Black college graduates are overwhelmed by student loan debt. On average, they owe $25,000 more in student loan debt than white college graduates. Four years after graduation, 48 percent of Black students owe an average of 12.5 percent more than they borrowed, according to Education Data Initiative.

This debt, experts say, is hindering Black Americans from growing their wealth.

NAACP President/CEO Derrick Johnson (L: photo from naacp.org) and Sen. Chuck Schumer (D-NY) (R, photo from schumer.senate.gov)

Sen. Chuck Schumer, a Democrat who has represented New York since 1999, and NAACP president Derrick Johnson have teamed up to urge President Joe Biden to cancel student debt. In a joint opinion piece for BET, they wrote that the racial wealth divide will persist as long as student debt grows.

Biden is still planning to resume loan payments on May 1. 

There has been a pause of student-loan payments for nearly two years as part of Biden and President Donald Trump’s pandemic relief measures. Johnson, Schumer and other lawmakers and advocates want Biden to totally cancel student debt, as it could help close the racial wealth gap as well as stimulate the economy.

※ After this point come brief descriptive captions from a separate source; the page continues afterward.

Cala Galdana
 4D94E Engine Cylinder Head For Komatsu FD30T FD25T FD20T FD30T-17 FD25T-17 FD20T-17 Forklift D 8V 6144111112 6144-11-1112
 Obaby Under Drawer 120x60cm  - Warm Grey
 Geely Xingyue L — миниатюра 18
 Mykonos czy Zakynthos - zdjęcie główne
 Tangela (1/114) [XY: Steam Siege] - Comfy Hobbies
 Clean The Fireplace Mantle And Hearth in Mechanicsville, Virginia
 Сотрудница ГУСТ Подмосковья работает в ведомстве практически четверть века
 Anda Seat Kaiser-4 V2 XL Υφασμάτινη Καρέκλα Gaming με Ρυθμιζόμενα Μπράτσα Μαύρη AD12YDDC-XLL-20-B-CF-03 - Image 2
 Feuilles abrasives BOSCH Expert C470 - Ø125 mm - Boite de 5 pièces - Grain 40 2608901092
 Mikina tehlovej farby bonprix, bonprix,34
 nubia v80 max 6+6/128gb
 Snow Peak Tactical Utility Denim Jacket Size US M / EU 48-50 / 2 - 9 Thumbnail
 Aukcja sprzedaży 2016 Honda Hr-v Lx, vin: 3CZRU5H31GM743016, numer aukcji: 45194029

The opinion piece, posted on Feb. 28, detailed the impact of student debt in the country on Black borrowers. Schumer and Jackson noted how Black borrowers are more likely to take out student loans to begin with than their white counterparts, and while the median white borrower will owe just 6 percent of their student debt 20 years after entering college, the median Black borrowers will still owe 95 percent of their debt over the same time period, Business Insider reported.

“This disparity is unacceptable,” Schumer and Johnson wrote. “It is un-American. And at the current rate, it is entirely unsustainable.”

They added, “We still have a long way to go to bridge the racial wealth divide in America. And it will not likely happen so long as student debt continues to grow at its current pace.”